**Extracted data:**
■ ■ ■ ■ ■

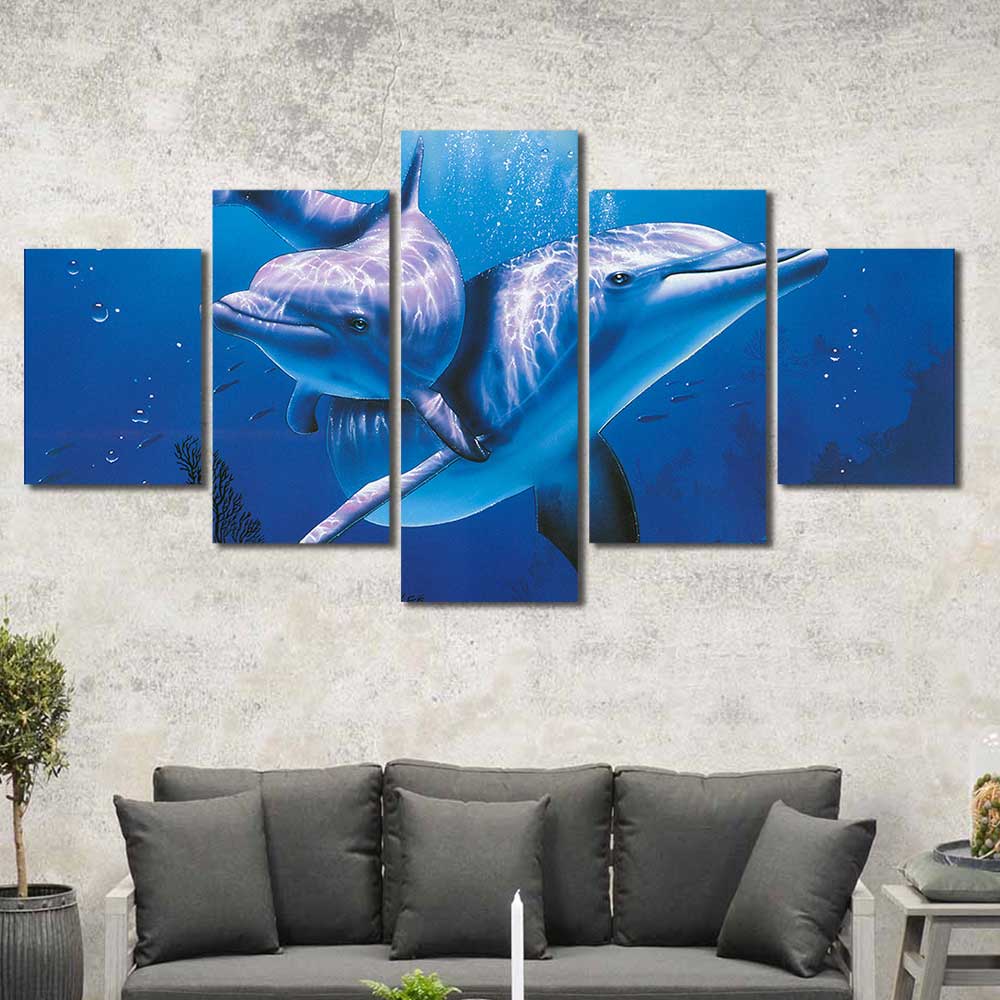 Ocean's Grace: Bottlenose Ballet Collection - Framed Canvas Home Decor Wall Art Multiple Choices 1 3 4 5 Panels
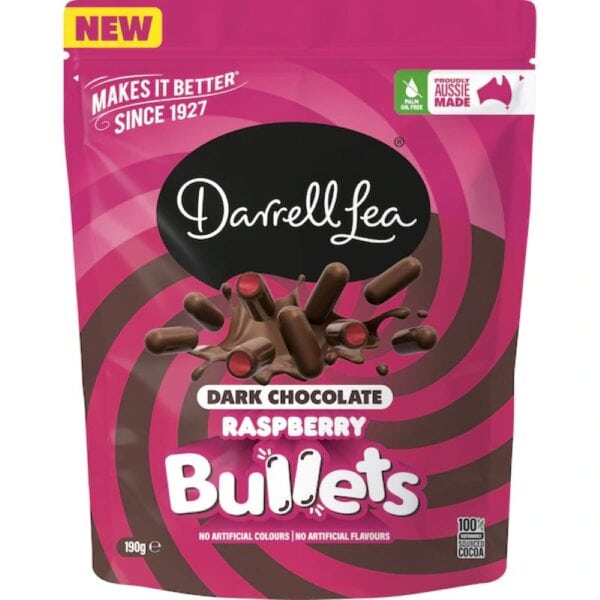 darrell lea raspberry bullets dark chocolate 190g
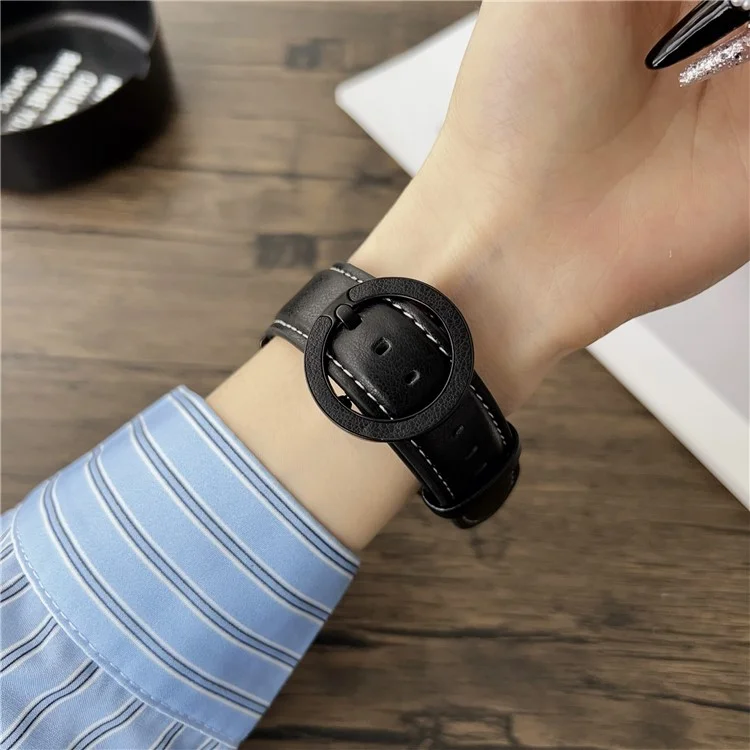 Correa de cuero con textura de caballo salvaje de 20 mm para Samsung Galaxy Watch7 44 mm / 40 mm con hebilla redonda - Negro Marrón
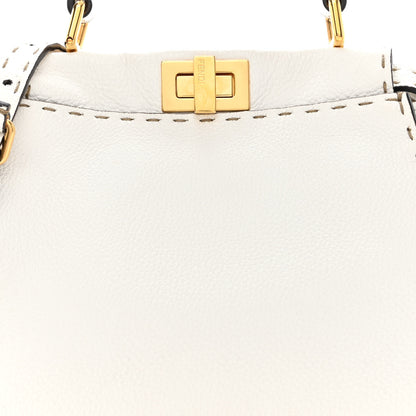 Fendi Cuoio Romano Selleria Mini Peekaboo Iconic Satchel White 9 of 11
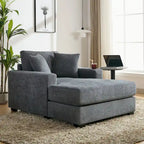 Divano moderno extra-large con chaise longue, cuscini, stazione di ricarica e portabicchieri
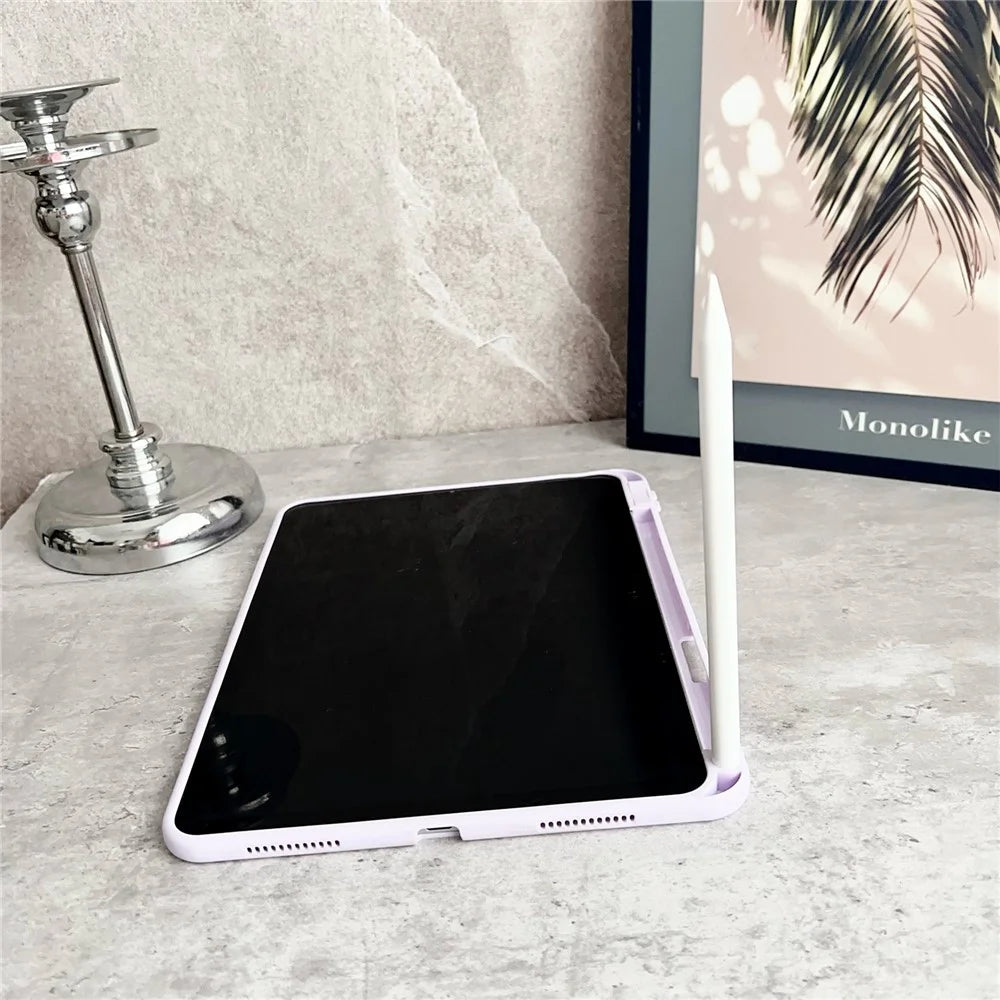 Tablet Case For iPad Air 11 (2026) / (2025) / (2024) / Air (2022) /  (2020) / Pro 11-inch (2018) , Solid Color TPU Cover with Pencil Holder - Purple - 3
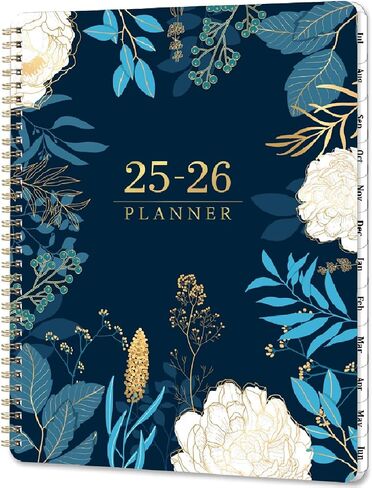 Planner 2025-2026 - Academic Planner 2025-2026, Weekly and Monthly Jul 2025 - Jun 2026, 6.4" x 8.5", Twin-Wire Binding, 180° Lay-Flat, Thick Paper, Colorful Monthly Tabs, Inner Pocket, Holidays in Saudi Arabia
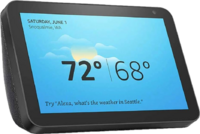 Echo Show 8 with the weather displayed on it's screen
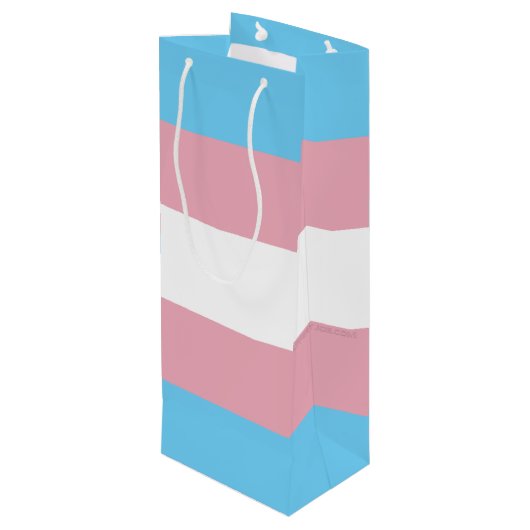 SlipperyJoeのトランスジェンダープライドフラグの可視性di ワインギフトバッグ (裏面アングル)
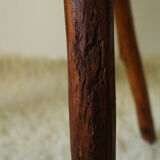Vintage brutalist wood tree stump side table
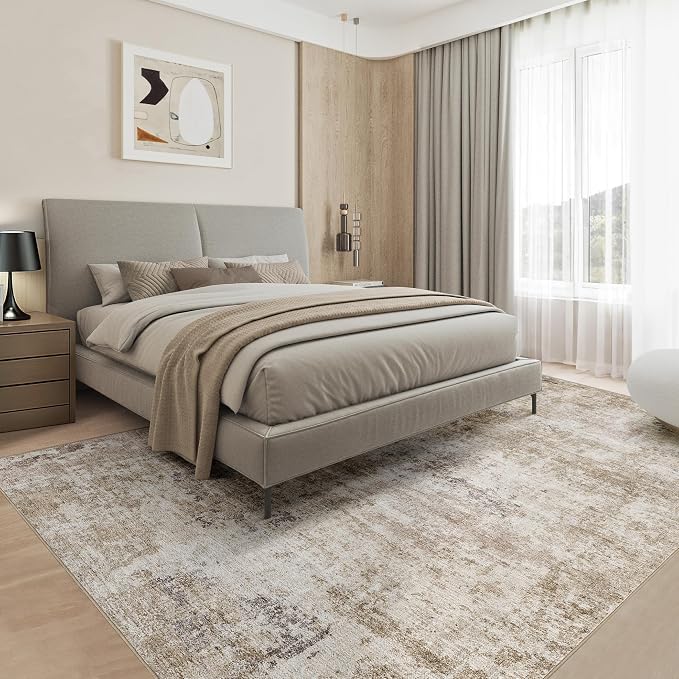 Abstract 10x14 Area Rug: Machine Washable Non Slip Ultra Thin Low-Pile Carpet, Soft Stain Resistant for Living Dining Room Bedroom, Kid Pet Friendly, Robot Vacuum Compatible - Brown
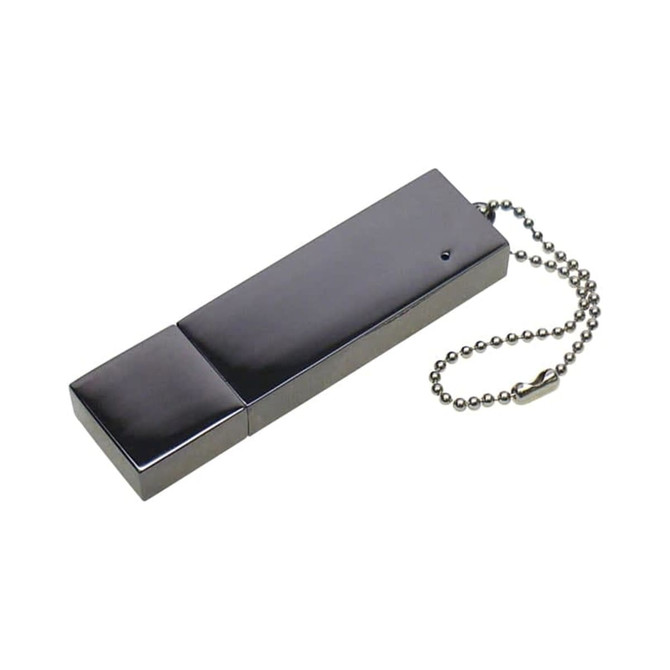 A sleek, silver Slimline Metal Drive with a polished finish and a chain attachment.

■ ■ ■ ■ ■

**Problem requirements:** Begin with the line containing "Divano moderno extra-large", stop at the last line of the records above, and copy every line in between exactly, both ends included, with no pictures.

**Exercise solution:**
 Divano moderno extra-large con chaise longue, cuscini, stazione di ricarica e portabicchieri
 Tablet Case For iPad Air 11 (2026) / (2025) / (2024) / Air (2022) /  (2020) / Pro 11-inch (2018) , Solid Color TPU Cover with Pencil Holder - Purple - 3
 Planner 2025-2026 - Academic Planner 2025-2026, Weekly and Monthly Jul 2025 - Jun 2026, 6.4" x 8.5", Twin-Wire Binding, 180° Lay-Flat, Thick Paper, Colorful Monthly Tabs, Inner Pocket, Holidays in Saudi Arabia
 Echo Show 8 with the weather displayed on it's screen
 SlipperyJoeのトランスジェンダープライドフラグの可視性di ワインギフトバッグ (裏面アングル)
Vintage brutalist wood tree stump side table
 Abstract 10x14 Area Rug: Machine Washable Non Slip Ultra Thin Low-Pile Carpet, Soft Stain Resistant for Living Dining Room Bedroom, Kid Pet Friendly, Robot Vacuum Compatible - Brown
 A sleek, silver Slimline Metal Drive with a polished finish and a chain attachment.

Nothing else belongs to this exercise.